Au départ,  place du Pont (place Stalingrad), 25 à 35 concurrents allaient prendre le départ officiel à la deuxième barrière ou au pont rouge à Cenon. Voici par exemple un itinéraire d’une étape : Bordeaux La Bastide – Cenon, La Benauge, les Bons Enfants, Créon, La Sauve, Langoiran, La Tresne, Bordeaux. Le règlement était strict : la compétition des chevaux attelés devait se faire au pas ou au trot (le galop étant disqualifiant), l’emploi du fouet interdit, seule la cravache était autorisée avec modération. Tous les types de voitures étaient acceptés. Les concurrents venant de tout le Sud-Ouest en train, avec leur monture, bénéficiaient d’une remise à l’aller et le retour était gratuit. L’engagement à ce raid variait de 25 à 75 francs et donnait droit au banquet final. A chaque départ et arrivée, l’ambiance était assurée par les trompes de chasse des Veneurs bordelais.

L’organisation de ce raid était parfaite grâce à tous les bénévoles : chronométreurs, juges, commissaires, vétérinaires. La distribution des numéros se faisait devant la mairie de Cenon, la visite vétérinaire place Montesquieu et la remise des colliers plombés à l’angle de la rue du Maréchal Joffre et du cours Victor Hugo chez le bourrelier/sellier. Aucun accident ne fut à déplorer si ce n’est le renversement de quelques attelages un peu trop fougueux, quelques emballements intempestifs et des chevaux déferrés. La moyenne des étapes était de l’ordre de 25 km/h. Chaque année cet évènement attirait une foule considérable notamment en 1925 quand l’épreuve se déroula du samedi au lundi de la Pentecôte conjointement avec l’élection de la rosière à Créon. Ces courses étaient dotées de prix importants 35 000 francs au total (5 300 euros) et en 1928 le président de la République Gaston Doumergue offrit un magnifique vase de Sèvres tiré au sort parmi les participants ayant terminé la course. Chaque année une souscription était lancée pour gagner par tirage au sort un lot conséquent (un attelage complet). Sur la page hippique des journaux qui relataient ce raid on note des noms amusants de participants, souvent des commerçants bastidiens : «Huilor», «Café Mazarin», «Anis le bistrot», «Pour rire», «Amourette», «La mélasse Bertin» etc…
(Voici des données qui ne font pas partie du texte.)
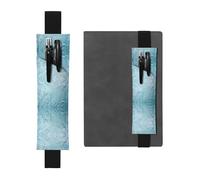 WZYCWB Oceanic Ripple Printed Large-Capacity PVC Pen Holder + Creative Diary Pen Bag Set with Elastic Band Anti-Slip Design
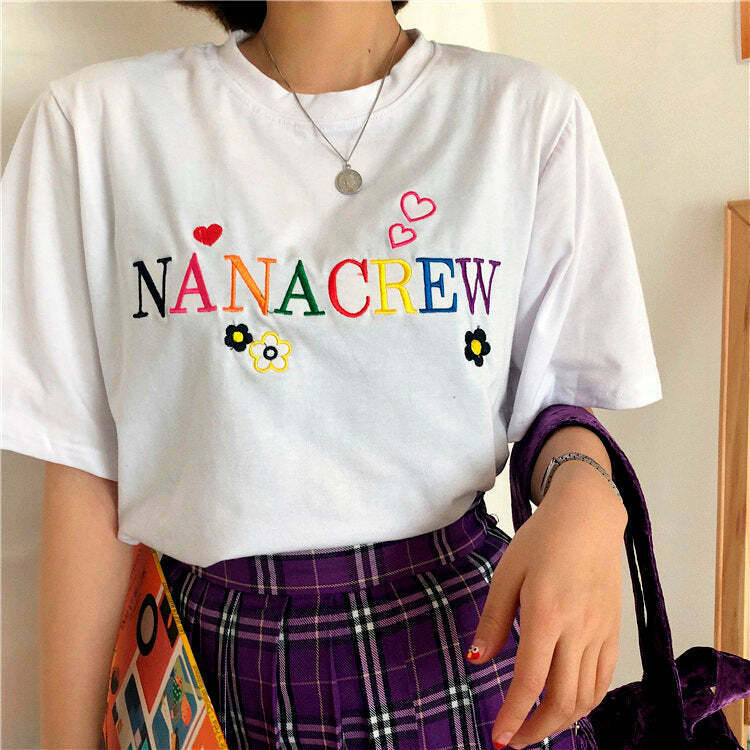 Trendy Nana Crew T-Shirt in Pink - Y2K Fashion for Clubbing & Casual Outfits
 Puis, cet évènement spectacle prit fin en 1943 pour des raisons sécuritaires et aussi économiques. Les routes étaient de plus en plus encombrées avec des aménagements modernes rendant de plus en plus dangereux le passage des attelages ce qui amena les organisateurs à abandonner. L’automobile supplantait l’hippomobile.